As officials in Spain recently euthanized a dog for being exposed to Ebola, and the dog of a Texas nurse who became infected with Ebola is currently in quarantine (Bentley, pictured here, with his owner Nina Pham), doctors from BluePearl Veterinary Partners want to share the information that is known about pets and Ebola.

“When it comes to Ebola and how this infectious disease interacts with our pets, there really isn’t a ton of information available,” said Dr. Jennifer Welser, chief medical officer of BluePearl Veterinary Partners. “However, we’ve done our best to put together a list of the important things we do currently know.”

1) Diseases that can pass between humans and animals are referred to as zoonotic diseases. This is important because 62 percent of American households have at least one pet according to a 2012 Humane Society survey. Because of this, veterinarians play a vital role in recognizing and preventing the spread of disease.

2) Ebola is zoonotic, but the extent to which it actually affects animals is not well known. According to the Centers for Disease Control and Prevention, scientists believe that the first patient became infected through contact with an infected animal, such as a fruit bat or primate (apes and monkeys), which is called a spillover event. Person-to-person transmission follows and can lead to large numbers of affected persons. In the current West African epidemic, animals have not been found to be a factor in ongoing Ebola transmission.

3) As for dogs and cats becoming infected with Ebola, there have been no reports of dogs or cats becoming sick with Ebola, even though they may develop antibodies from exposure to the disease. Certainly a greater understanding of the effects of Ebola on dogs and cats is needed.

4) According to the CDC, the risk of an Ebola outbreak affecting multiple people in the United States is very low. Therefore, the risk to pets is also very low. Even in areas in Africa where Ebola is present, there have been no reports of dogs and cats becoming sick with Ebola.

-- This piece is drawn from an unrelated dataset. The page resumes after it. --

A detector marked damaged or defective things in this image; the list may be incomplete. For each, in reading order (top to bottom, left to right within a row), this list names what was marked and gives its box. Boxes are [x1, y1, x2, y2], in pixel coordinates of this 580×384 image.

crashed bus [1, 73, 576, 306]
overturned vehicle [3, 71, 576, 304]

5) Beyond the more common household pets, some people do keep monkeys as pets. According to the CDC, monkeys are at risk for Ebola. Symptoms of Ebola infection in monkeys include fever, decreased appetite and sudden death. Monkeys should not be allowed to have contact with anyone who may have Ebola. Healthy monkeys already living in the United States and without exposure to a person infected with Ebola are not at risk for spreading Ebola.

6) If there is a pet in the home of an Ebola patient, the CDC recommends that veterinarians, in collaboration with public health officials, evaluate the pet’s risk of exposure. Appropriate measures, such as closely monitoring the exposed pet while taking necessary precautions, should be put in place.

7) Scientists and veterinarians with the American Veterinary Medical Association, the U.S. Department of Agriculture, the CDC and many other partners are continuing to work together to develop additional guidance for the U.S. pet population.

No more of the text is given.